Thanks guys, she the best shes gunna be but it dosent stop her bless her... stiff in the mornin and on a night but in between she mad!! wouldnt change her though shes fab!! im just looking on the forum there loads more people and their beautiful doggies joined, im loving sifting through all the pics.x These doggies are soo gorg!!


----------



## JoJo (Mar 2, 2011)

She is happy and loved Kelly, thats all that counts ...

After the broken leg can she run etc


----------



## kelly282 (Jan 25, 2011)

JoJo said:


> She is happy and loved Kelly, thats all that counts ...
> 
> After the broken leg can she run etc


aww shes fab its not changed her in the slightest!! she is soo fast she loves running up and down the field like a mad dog, she's still really energetic and bouncy, getting up and gunna bed is the only time you know she's feeling it. I need to read up now if theres anything i can do or give her for her joints to make it a bit easier for her later on.

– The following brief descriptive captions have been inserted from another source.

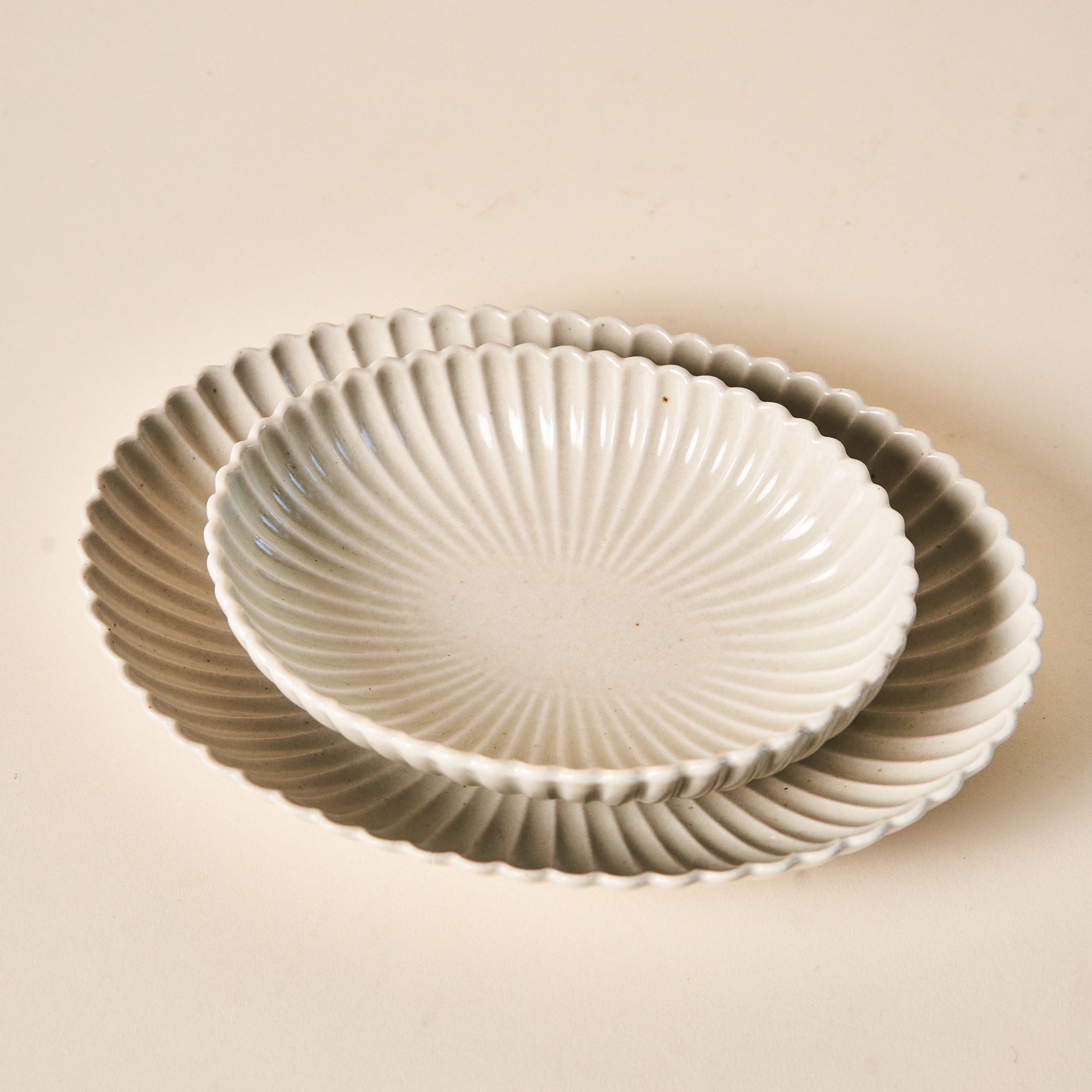 Small Shunshou Oval Bowl by Marumitsu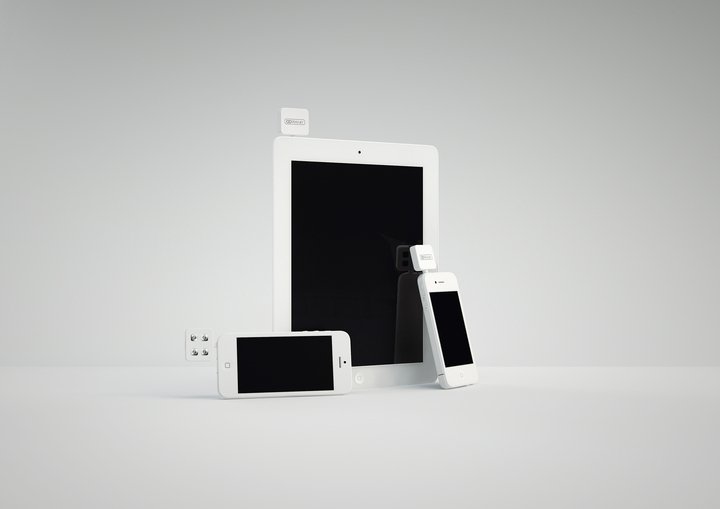 white_iblazr_with_white_apple_devices_copy_720.jpg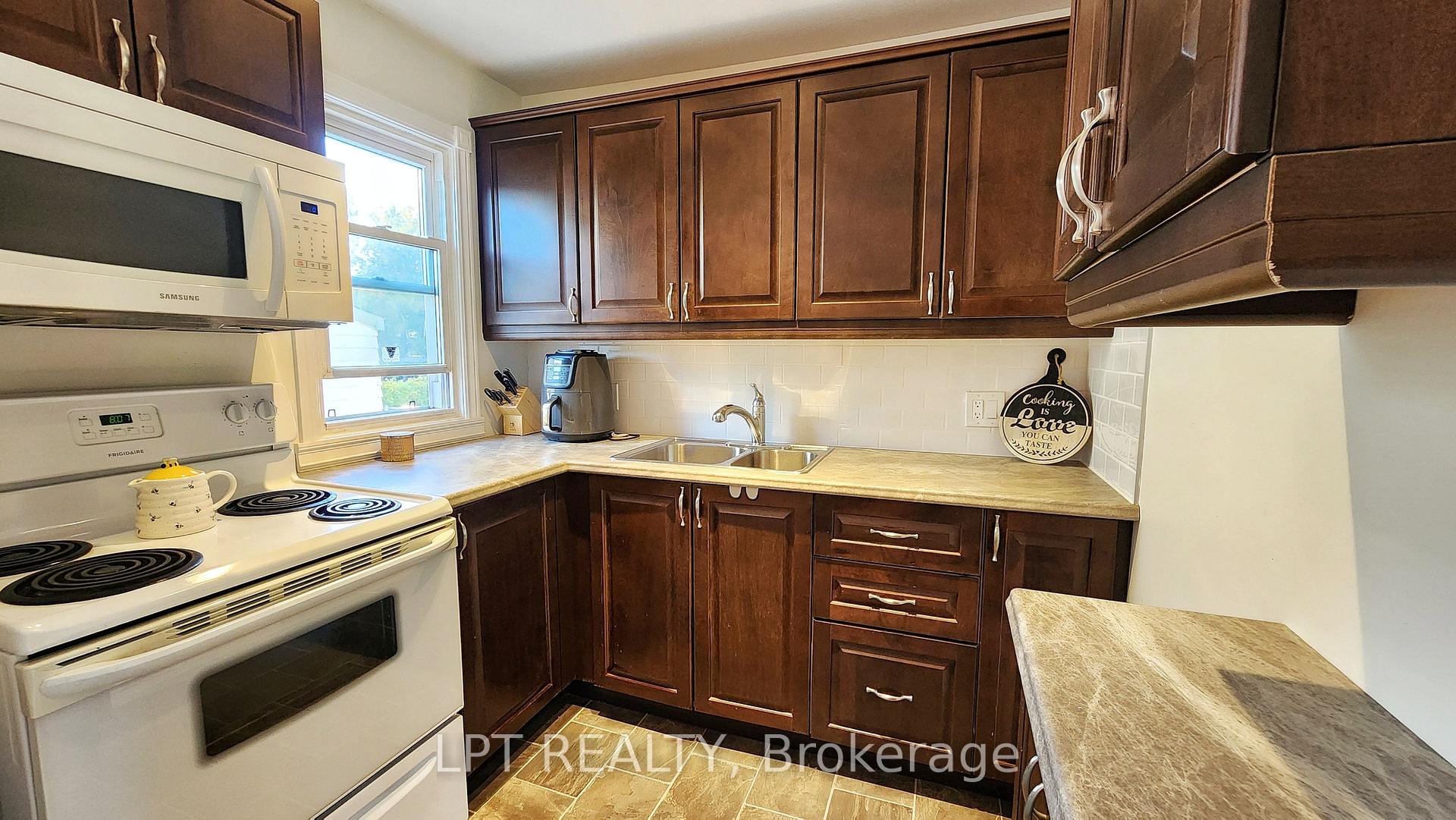 Photo 6 of 772 Duffus Street, Peterborough, Otonabee Ward 1 — HOMEH
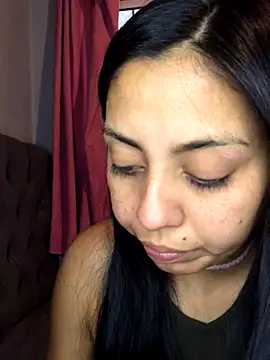 Snapshot of velvetcurvy chatting on December 16, 2025, 6:13 pm velvetcurvy online show from December 16, 2025, 6:13 pm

She is obviously gunna suffer from arthritis later on in life but she's enjoying every minute of being a pampered pooch at the mo. x


----------



## JoJo (Mar 2, 2011)

Thanks for the update and great she is still lively   cheeky gal 

Your Izzy reminds me of a girl version of my Oakley ... he is a lively boy... full of energy and excitement (I thought it was hormones for him), whereas my Honey is a little more laid back, cuddly, calmer character ... 

It must be an Izzy thing as I just read about another Izzy eating a hook .. what is it with these little Izzy's ... fab name and fab dogs though xxxxx


----------